3. 1949年基本法生效以后。对宪法结构的依赖性表明了“自由和财产公式”(Freiheit undEigentum Formel)是可变的、且是一直需要新的定位的概念和范畴。在一个革命性的宪法结果的转变下新的定位自然导致法律保留内涵的根本性的改变。

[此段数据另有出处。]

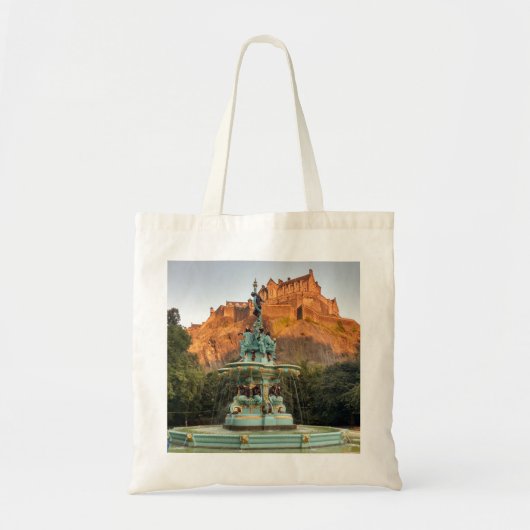 Edinburgh Castle Fountain Princes Street Gardens Tote Bag (Voorkant)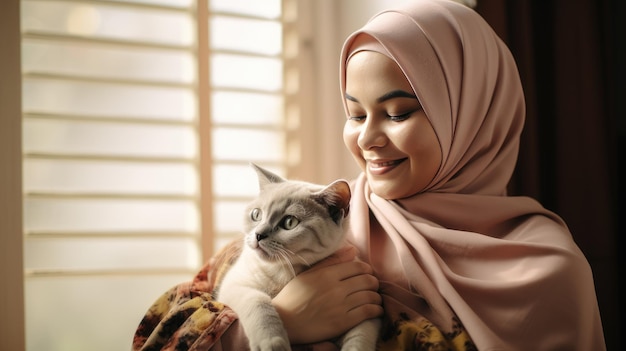 Hijab-Frau spielt mit ihrer Katze zu Hause Braunfarbenfotografie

基本法上一个意义重大的转变在于规定了基本权利对立法和执法的直接的约束力。这必须与基本法中通过所谓的“基本权利的法律保留”(Grundrechtliche Gesetzesvorbehalte)来限制基本权利的不同的可能性联系起来看待,因为“基本权利的法律保留”在效果上很大程度上近似于法律保留的保护范围。现今的基本权利包括了传统的财产和自由的领域,并且只能通过或者基于法律而被限制,于是我们必须面对下面的疑问:实际上“基本权利的限制保留”扩充了一般法律保留的内涵与外延,那么“基本权利法律保留”是否已完全取代了“传统的一般法律保留”(Allgemeiner Vorbehalt des Gesetzes);“基本权利的限制保留”对“一般的法律保留”产生了什么样的影响?出于以下两个重要原因,我们对第一个问题可以给出一个否定的答案:首先“基本权利的限制保留”的作用与“一般法律保留”的作用存在本质区别。“一般的法律保留”是为了强化立法者的权力,而相反,“基本权利的限制保留”则是为了使基本权利不处于立法者的全面侵犯而限制立法者的行为自由。另一方面,现实中不是所有需要立法者参与的立法行为都是基于“基本权利的法律保留”而获得其合法性的。举例来说,德国基本法中特有的“基本权利的内在限制”(Immanente Schranken der Grundrechte),即基本法中某些基本权利;没有明确附加法律保留的文字规定,但仍然存在基于基本权利间冲突之利益衡量而对其限制的可能性,但应以何种规范形式来进行限制,“基本权利的法律保留”却无法对此给出答案。尽管特殊的“基本权利的法律保留”先于“一般的法律保留”,但在缺乏明确的法律保留的规定时,一般保留仍然作为补充性的原则存在。因此很明显,以“重要性理论”为代表的新拓展的“一般法律保留理论”很好地解答了前述疑虑。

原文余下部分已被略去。